**** Data listing

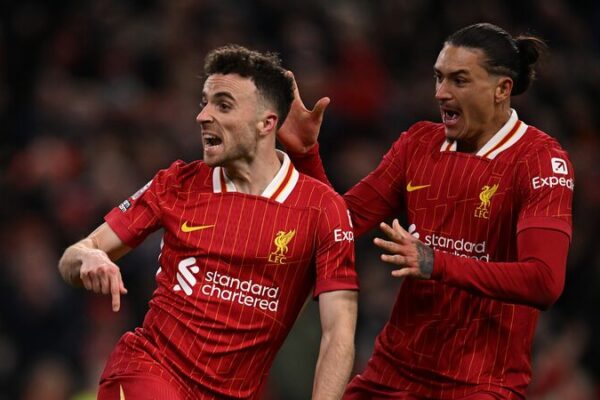 10-Man Liverpool Secures 2-2 Draw with Fulham at Anfield! Liverpool battles to 2-2 draw at home to Fulham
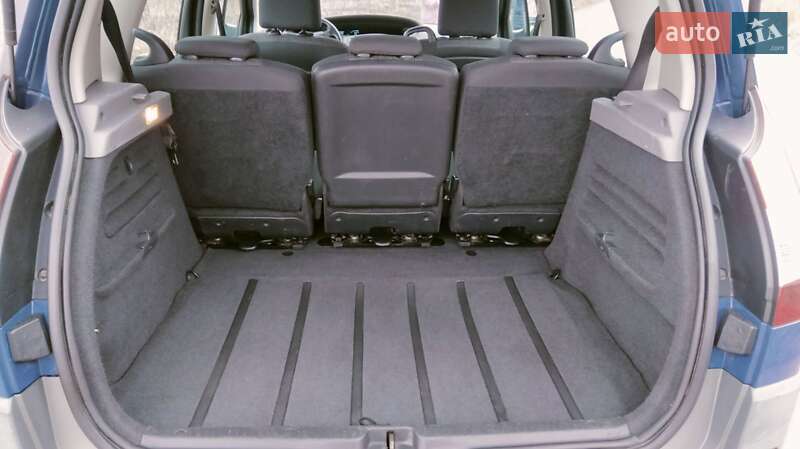 Мінівен Renault Scenic 2007 в Рівному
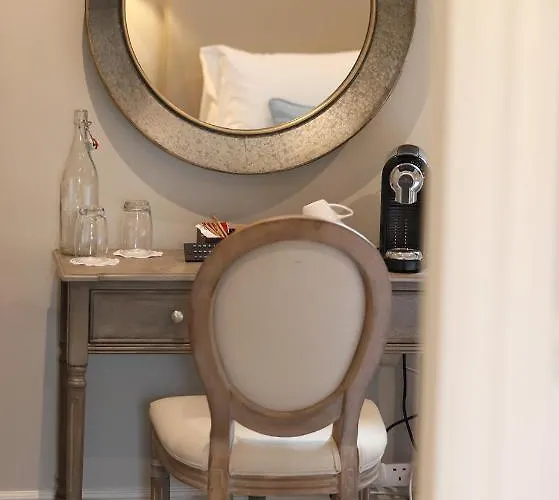 בית הארחה Old Post Office *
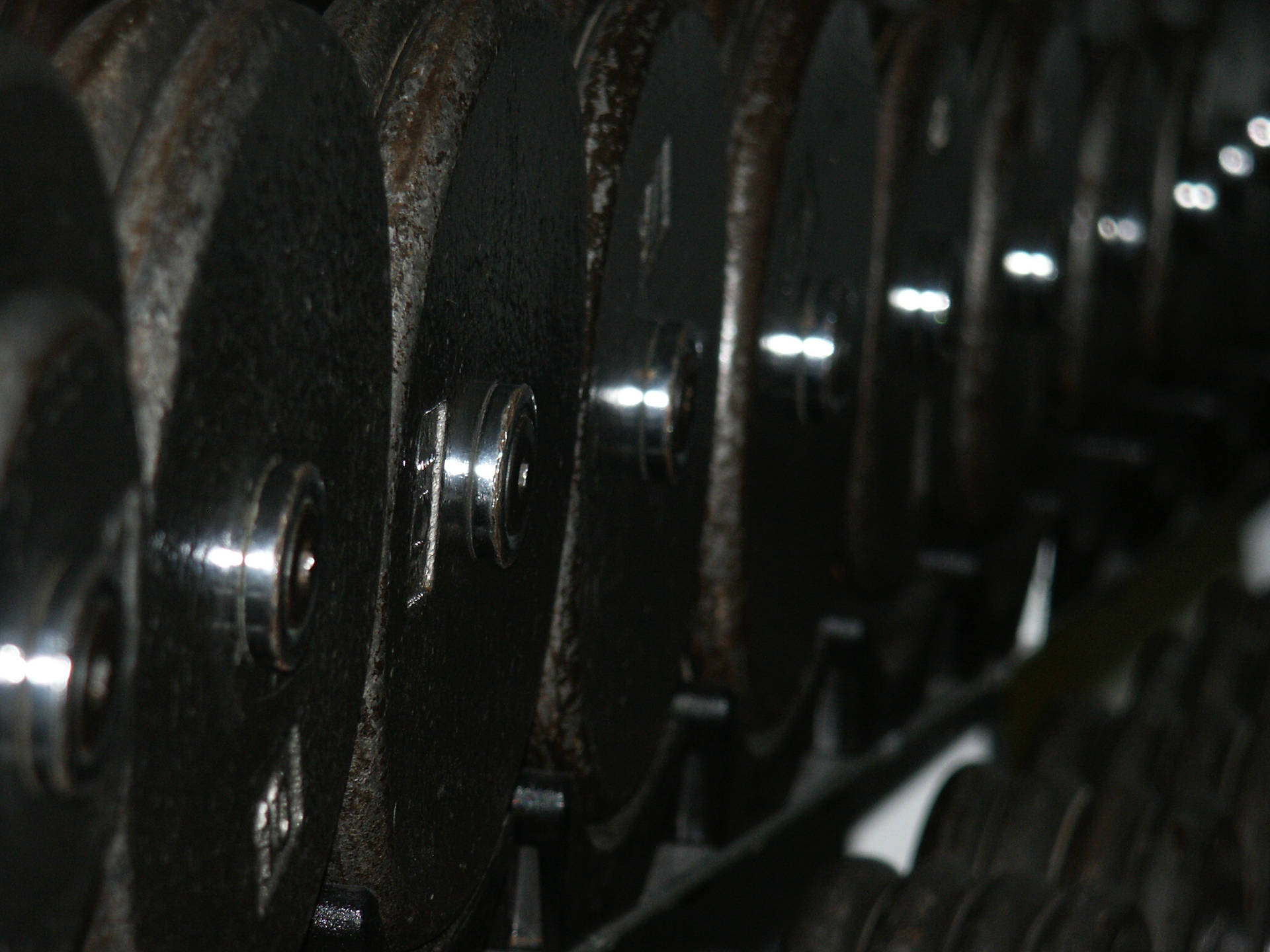 Row Of Rusty Barbell Plates Wallpaper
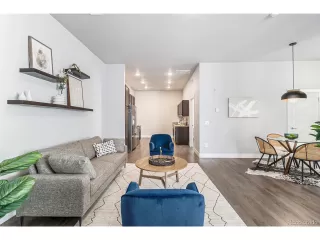 Photo #5: 9372382 Listing 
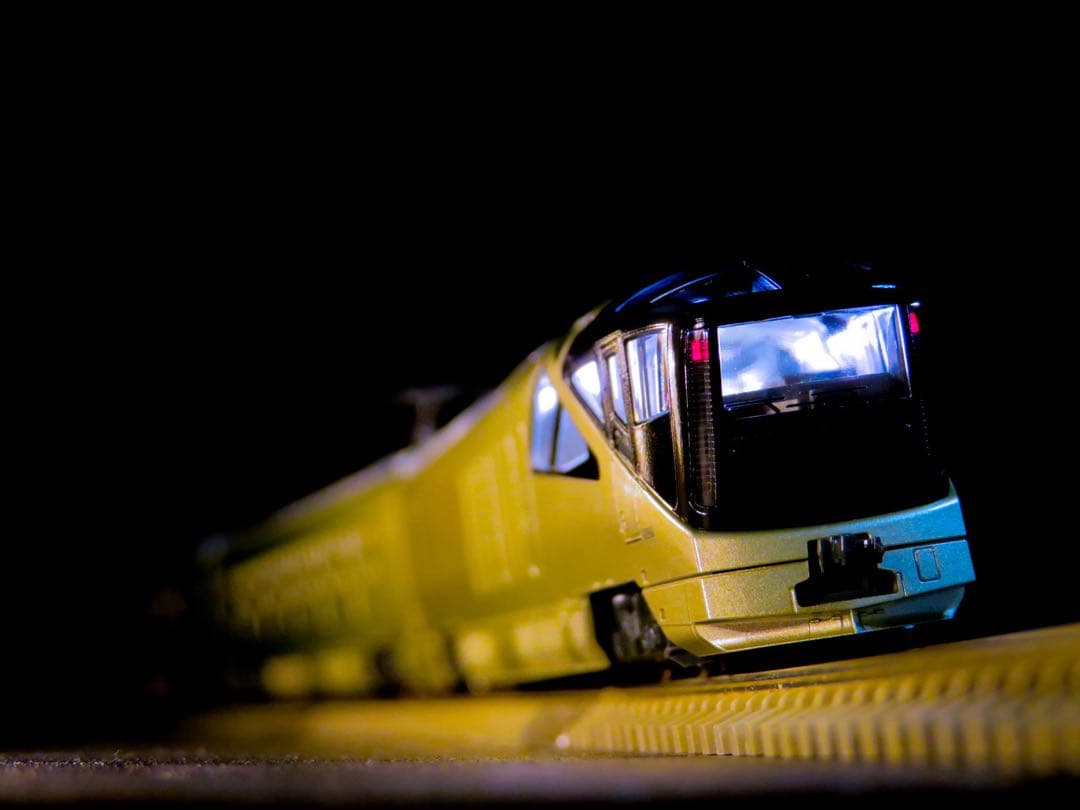 KATO E001形 TRAIN SUITE 四季島【新品,未使用品】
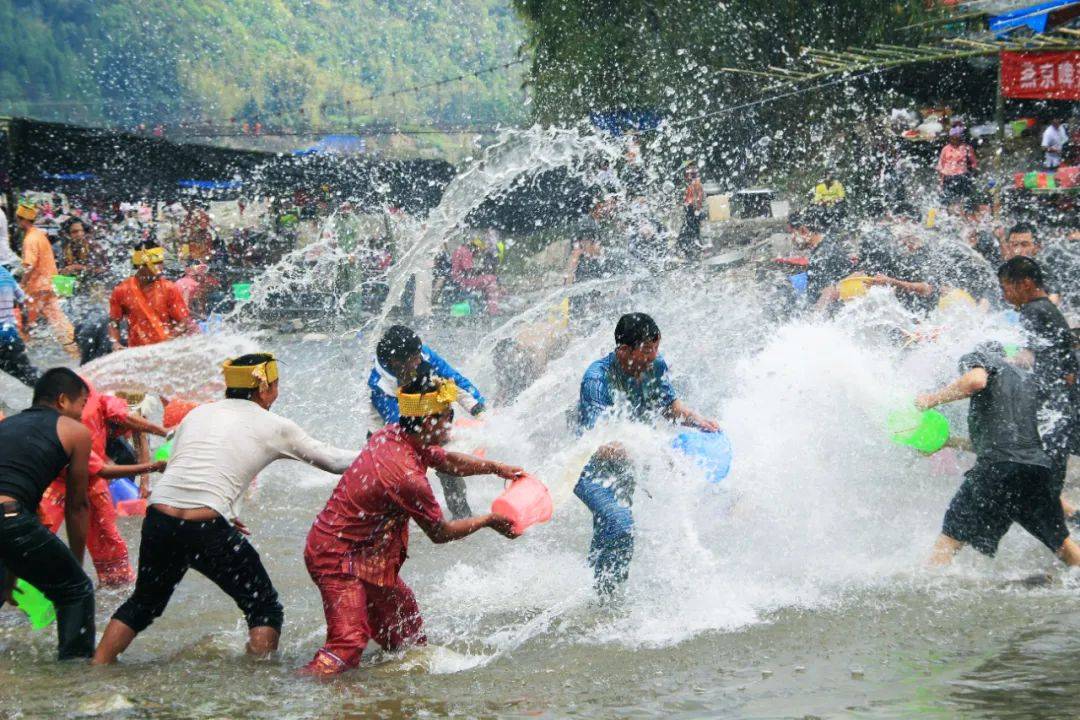 请查收这份来自德宏泼水节的特别邀请函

********

### About this task:
Could you write out the whole listing exactly, skipping every picture?

### Response:
 10-Man Liverpool Secures 2-2 Draw with Fulham at Anfield! Liverpool battles to 2-2 draw at home to Fulham
 Мінівен Renault Scenic 2007 в Рівному
 בית הארחה Old Post Office *
 Row Of Rusty Barbell Plates Wallpaper
 Photo #5: 9372382 Listing 
 KATO E001形 TRAIN SUITE 四季島【新品,未使用品】
 请查收这份来自德宏泼水节的特别邀请函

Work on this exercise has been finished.